One of the most common problem reports related to Virtual Platforms running Linux goes something like:
I run the simulation and the terminal says "Uncompressing Linux... done, booting the kernel" and nothing happens.
One of my favorite books is Embedded Linux Primer: A Practical Real-World Approach (2nd Edition) by Chris Hallinan. I was happy to see this same situation also occurs on real boards running Linux, and it is covered in Chapter 14 with a section called "When It Doesn't Boot".
Here is a picture of the problem:
During system boot the kernel uses printk() calls to display messages. These messages are useful clues to monitor boot progress. Unfortunately, for the problem described above, there is nothing on the screen to provide any clues.
The reason is because printk() messages go into the Linux kernel message ring buffer, and are not immediately printed on the terminal. The messages are available, but they do not appear on the screen until the buffer is flushed.
Once the system is booted, the dmesg command can be used to display the kernel messages.
Other daemons such as syslogd may also be used to save the messages into a file such as /var/log/* or even log the messages over the network to another machine.
Specifics of how a particular Linux implementation is configured and how messages are stored can be very different.
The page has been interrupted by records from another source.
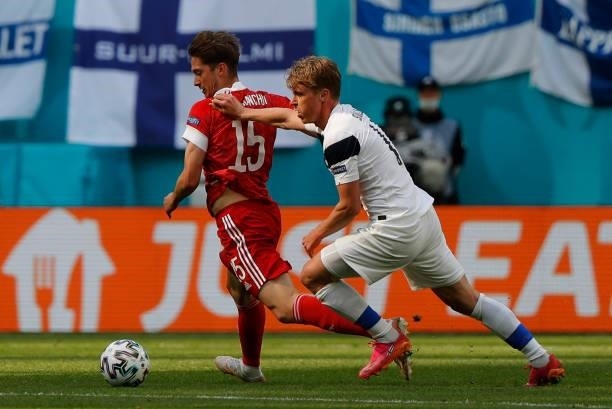 Russia's forward Aleksey Miranchuk and Finland's midfielder Rasmus Schuller vie during the UEFA EURO 2020 Group B football match between Finland and...
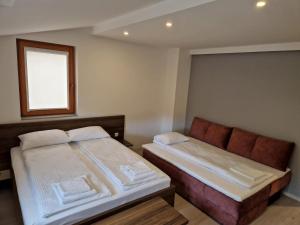 Ένα ή περισσότερα κρεβάτια σε δωμάτιο στο Villa Merdan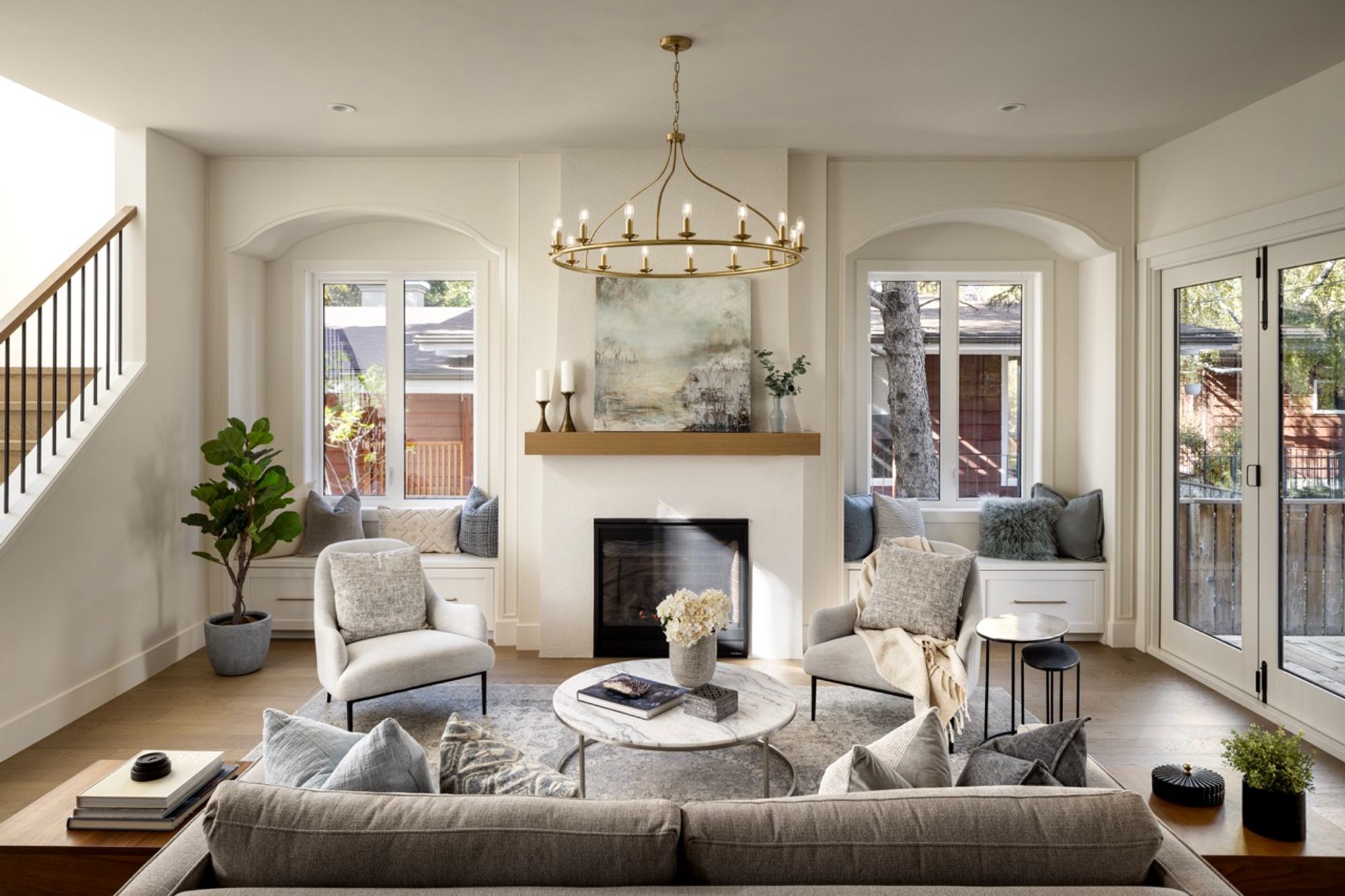 Living room with fireplace and window seats in the Charleswood home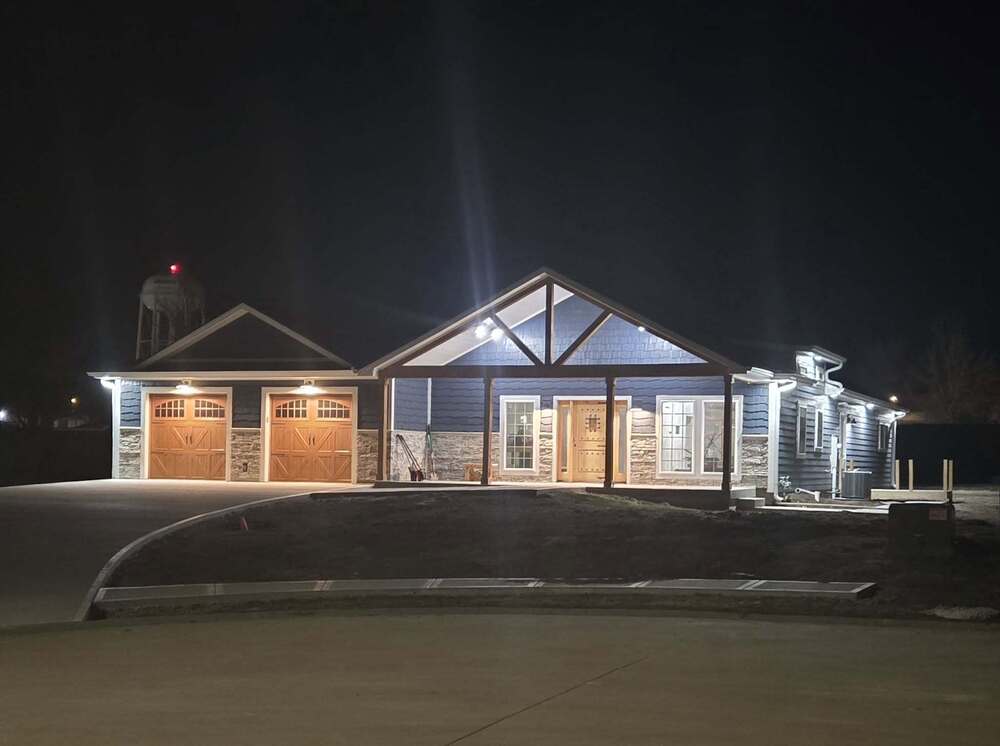 House light up by porchlights at night. The house features an attached 2 car garage, front porch, blue siding, and brick front.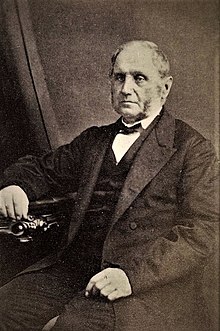 Sepia photo of middle-aged fair-skinned man sitting and half-turned to the viewer, wearing a three-piece mid-19th century business suit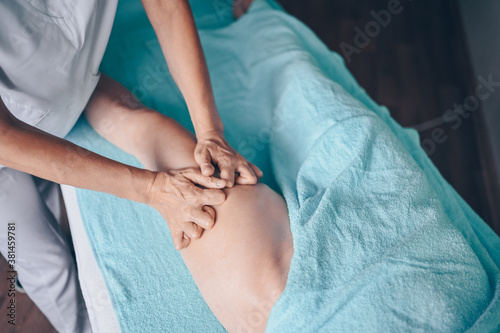 Young unrecognizable woman lying on massage table and enjoying therapeutic massage. Body care, losing weight concept. Hands masseur massage therapist doing anti-cellulite massage in spa clinic.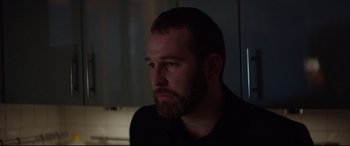 Movie still from “Loveless” (2017), directed by Andrey Zvyagintsev – A man with a goatee and a beard looking to his left; Close Up shot, Over the shoulder angle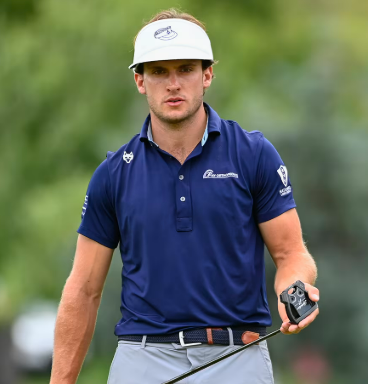 A male golfer wearing a white cap and navy blue shirt, holding a golf club, on a golf course with greenery in the background.
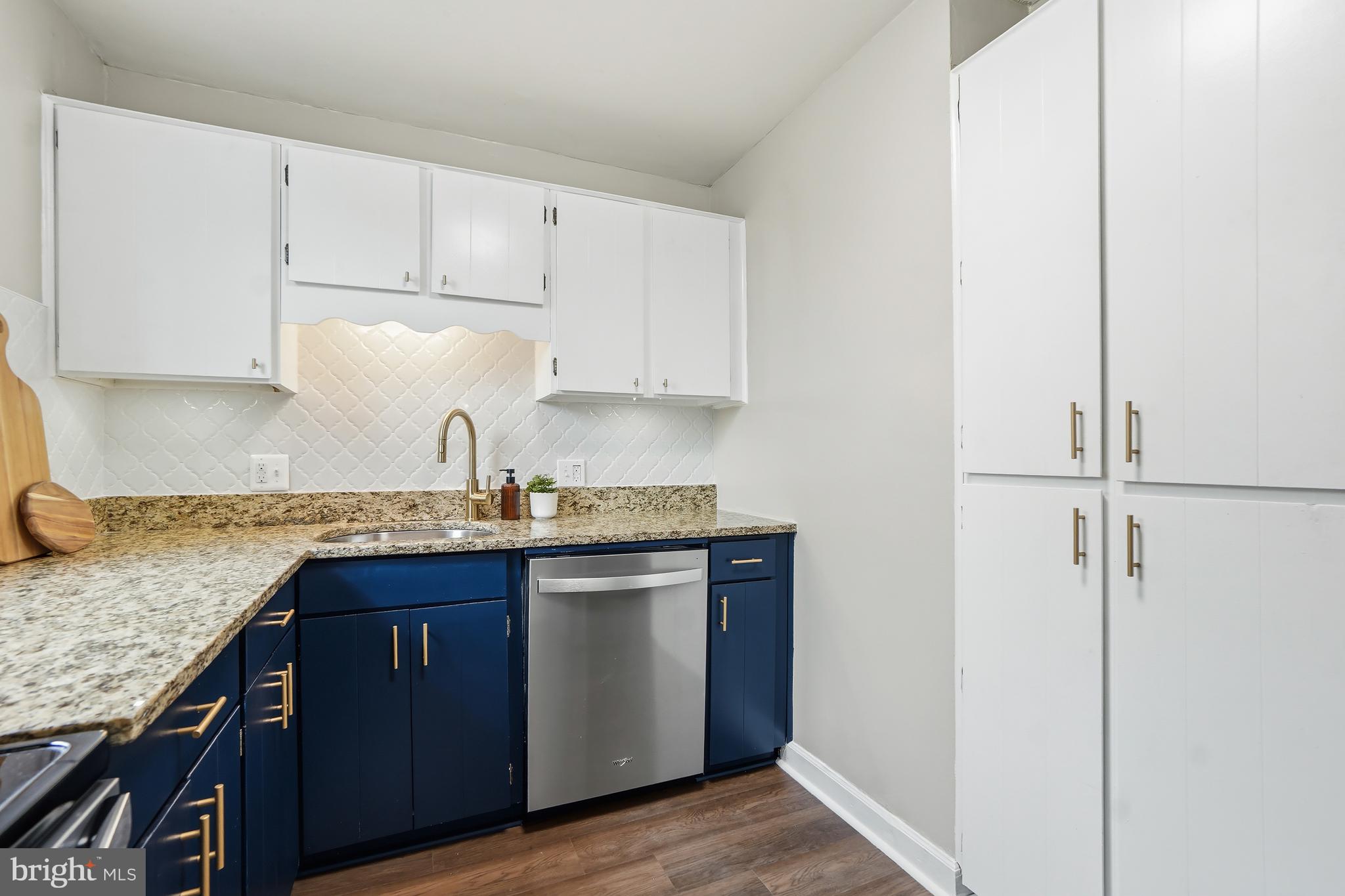 4905 29th Road South, Unit B1 Arlington, VA 22206 - Photo 12 of 52 a kitchen with granite countertop a sink stove and cabinets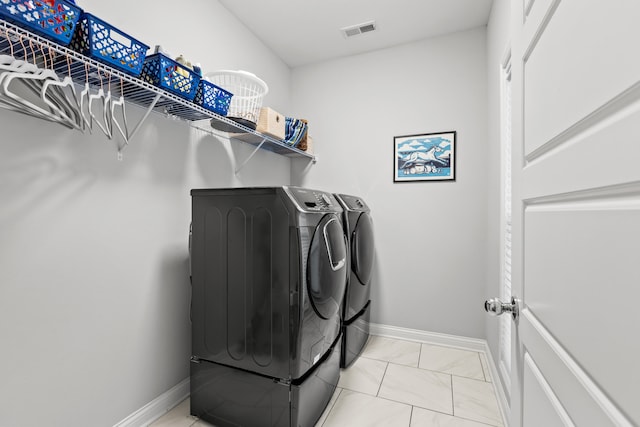 clothes washing area with separate washer and dryer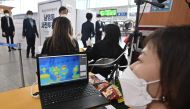 A thermal camera system monitors the body temperature of people during early voting at a polling station in Seoul on April 10, 2020, ahead of next week's parliamentary elections. AFP / Jung Yeon-je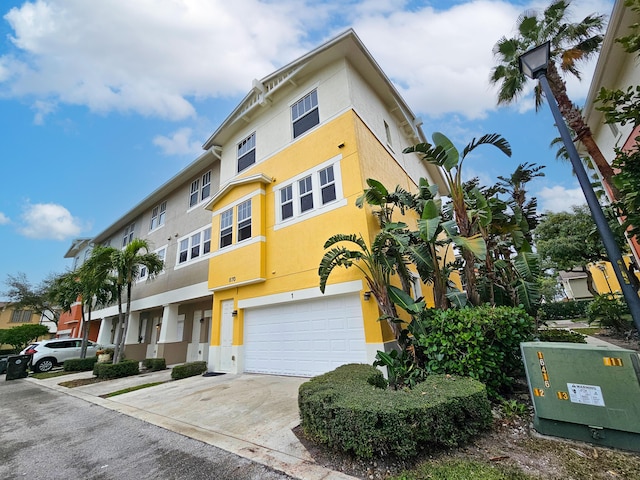 view of front of property featuring a garage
Some products may save logs into files and some may not. Some hardware may have network interfaces to retrieve log files and some may not.
There are actually two challenges to consider when simulating embedded Linux systems:
- Sometimes there is no way to capture the messages from a simulation to the host machine. For systems using a ramdisk as the root file system, the messages may be lost on simulation exit. If the UART output is not saved it could be lost, prohibiting inspection of the messages after simulation has finished.
- Messages are created during the early phases of the Linux boot, but until important device drivers are initialized, the messages sit in the memory buffer and are not visible on the screen. Seeing them sooner would indicate if the kernel is progressing or not and how far it gets before something goes wrong.
Details of Operation:
One approach that requires no Linux knowledge is to make sure models that interface with UART models also write the characters to a log file or special log channel at the same time they are written to the terminal. This solution requires the model creator to put in logging functionality.
The Cadence Virtual Platform for the Xilinx Zynq-7000 EPP does exactly this. The terminal model that connects to the UARTs has the ability to log the output written to the terminal, as well as feed input into the terminal for test automation. To help with timing, the model can wait for expected output before sending input, it can run forward a defined simulation time, send a Control-C to kill a program, and synchronize with embedded software breakpoints. Since the UART model depends on the UART device driver it will only address the first concern, and early printk() messages are still not visible. Having such features to log output and send input is good, but not sufficient to address the second challenge. For more information on the UART refer to my 5 article series.
The printk() function is located in kernel/printk.c in the Linux source tree.
The ring buffer is a static array of characters:static char __log_buf[__LOG_BUF_LEN];
static char *log_buf = __log_buf;
The size of the buffer can be configured at build time via kernel configuration or at runtime using log_buf_len=n where n is the size in bytes, kbytes, or Mbytes.
The variable log_buf_len holds the size of the buffer and the default is 0x4000 (16k).
To find the memory buffer we can use a software debugger like gdb to see the addresses of the global variable. This can be done during a simulation session when gdb is connected or it can be done without actually running and connecting gdb.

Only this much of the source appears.